I see that most people are disappointed with Arc V’s ending.

I’m not going to try to tell you that you’re wrong for feeling the way that you do, but I’m going to propose that you look at it from another angle.

Arc V was a story of consequence.

DM, GX, 5Ds and Zexal all had more than one antagonist. Sometimes their goals would overlap, and the actions of the lesser antagonists often inadvertently helped the Big Bad. But for the most part, all of the antags had their own goals. The end result of this was that often, the carnage caused by the lesser antags would often be reset in some way, done away with immediately so that the main characters could take on the next antag without any major baggage. 

Arc V only had two antagonists, Leo and Zarc. One of Leo’s main goals was to stop Zarc’s revival, which he viewed as inevitable. We can infer that if he had any sentience within the boys, Zarc hated Leo in turn for seeking to revive Ray. Their goals were antithetical to each other.

However, Zarc only became a truly destructive factor at the very end, for what, an hour or two in-universe time? On the other hand, Leo’s been at it for at least 10 years (we know that because of Jean Michel). And what did he do during that time?

He turned Academia into a military school churning out child soldiers. Through Jean Michel, he exacerbated the class divide in The City. He utterly destroyed Heartland. He ripped the bracelet girls away from their families, away from the people who loved and cared for them. He put the Yu boys through the wringer, enabling Zarc to influence his fragments towards each other. 

Realistically, none of the above can be easily undone. If ever.

We can assume that Academia is no longer a military school, but we can also assume that the brainwashing the students went through is still in effect; that sort of conditioning takes years to overcome. Not every student there is like Sora, or Asuka, or Serena; not all of them had the capacity to break out of the ‘soldier’ mindset on their own. 

The City was explicitly said to have gotten better after Jean Michel’s demise. But better doesn’t mean perfect, and I’m sure the divide between the classes still exists—at best, security is now more reasonable, and the class gap is now a bit smaller. 

We know that Heartland is still in ruins, and that it’s citizens are still traumatized. That sort of destruction takes generations to amend, but the legacy of the genocide will always exist. That sort of thing just never goes away.

Save for the problems of the City being a bit too easily overcome, for the most part i think that the fandom was fine with the above three. Now, for the more controversial consequences?

Serena, Rin, and Ruri are now a permanent part of Yuzu; Yuri, Yugo and Yuto are now a part of Yuya, forever. They will presumably go on to exist, and we can say that Yuya and Yuzu will both be able to communicate with their counterparts at will. But six of the eight counterparts are now without bodies.
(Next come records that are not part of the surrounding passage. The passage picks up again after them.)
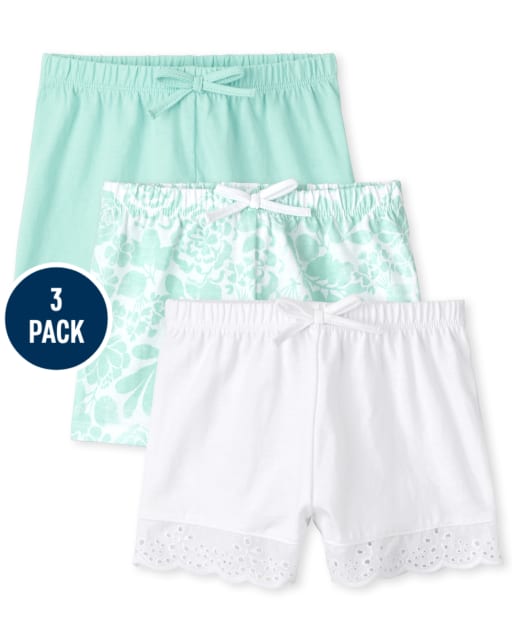 Baby Girls Floral Eyelet Shorts 3-Pack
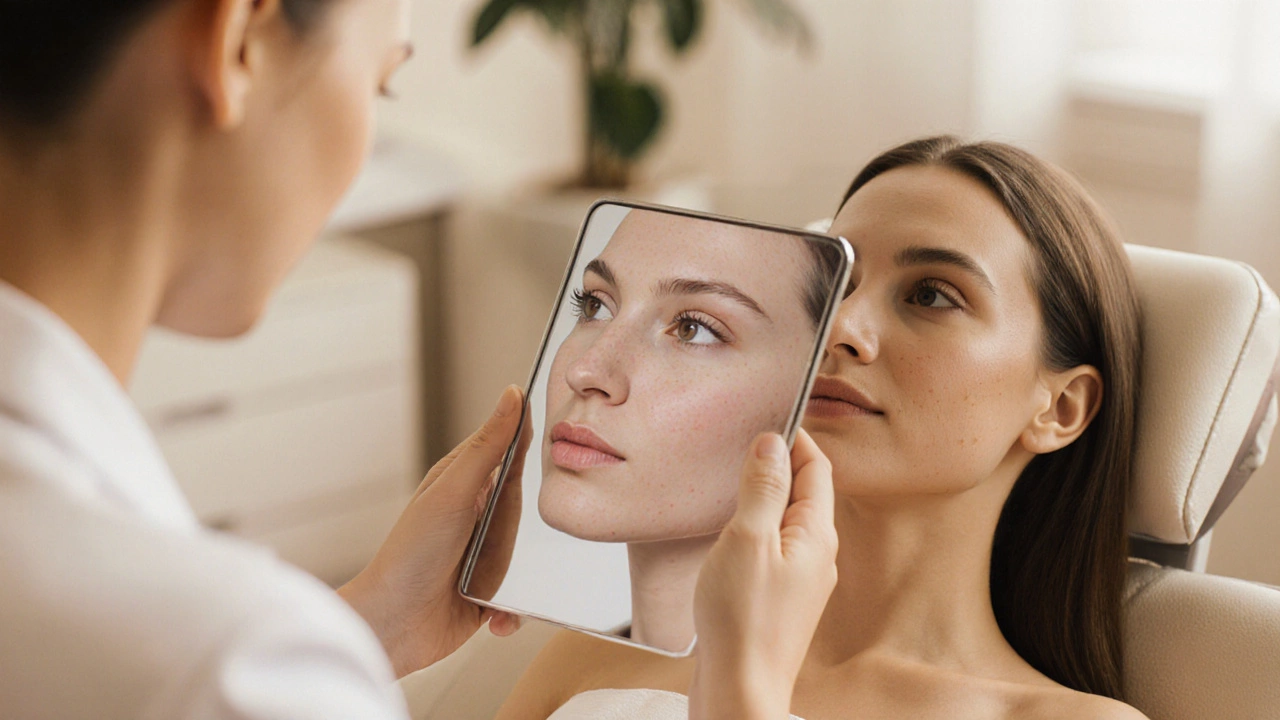 Косметолог советует пациенту, на фоне видно улучшение цвета кожи после курса пилинга.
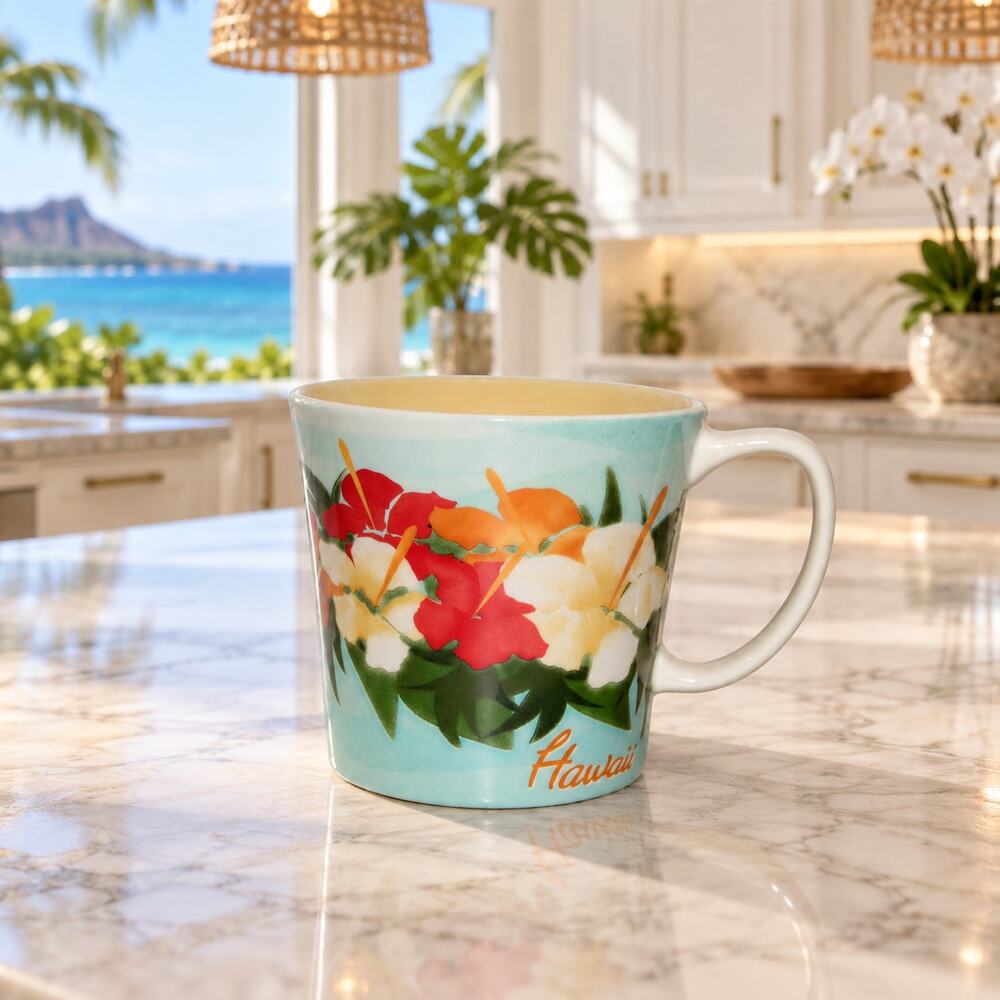 Starbucks Hawaii Hibiscus Flowers New Bone China Coffee Mug Tropical Cup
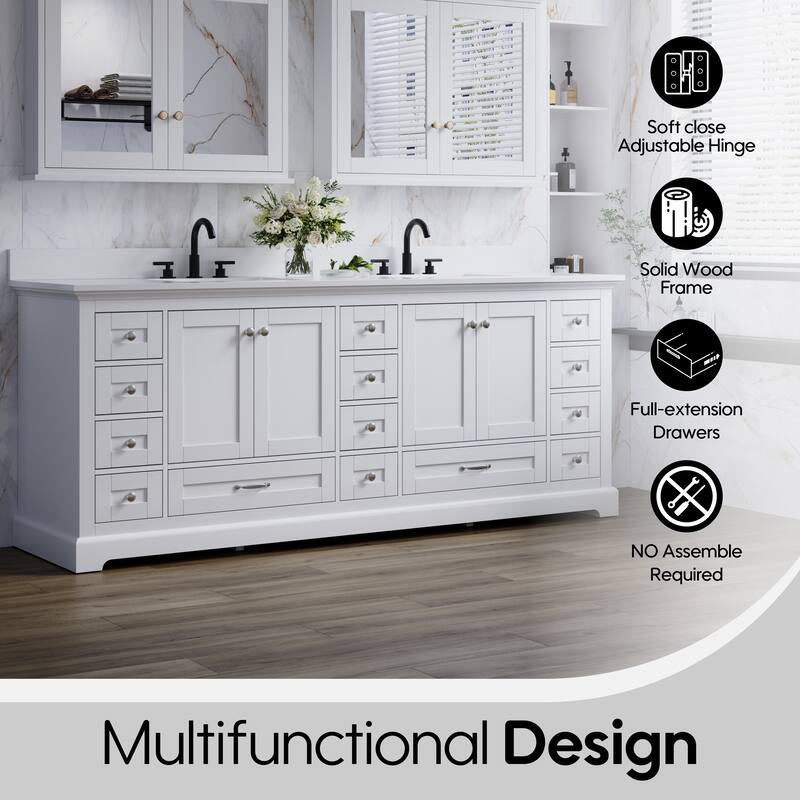 84''W Solid Wood Frame Bathroom Vanity With Pure White Culutered Marble Countertop And Double Sink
That’s heartbreaking, when you really think about it. 

Ruri and Yuto had an entire group of friends that will never be able to see them again; Shun has lost his hometown, his sister, and his best friend, permanently. 

Yugo and Rin’s dream of rising out of Commons through their own skill, side by side, will never truly be realized. 

Serena spent her entire life confined behind Academia’s walls, and now she will live out her existence confined in Yuzu’s consciousness. And we never truly got to know Yuri, and what his aspirations were outside of ~having fun~; but him never getting a proper redemption arc is something to be mourned in and of itself. 

And that is a consequence of the war, one that cannot be undone. The counterparts merging permanently is a painful reminder that the effects of war sometimes never go away. You can interpret Serena, Ruri, Rin, Yuto, Yugo, and Yuri as casualties in the interdimensional war. And just like in the real world, people don’t just come back from the dead because you love and miss them and wish they could come back. 

I take solace in the fact that Yuya is now stronger for the presence of his counterparts. We can presume that Yuzu is as well. The six other counterparts aren’t gone, they simply… took a different form. Just as you can say the people you love never really leave you. 

Consequence. I’d count this bittersweet ending as the most profound we’ve ever gotten out of a YGO spinoff. 

thehouseofthebrave  asked:

So, what do you think about Shiro and the Black Lion?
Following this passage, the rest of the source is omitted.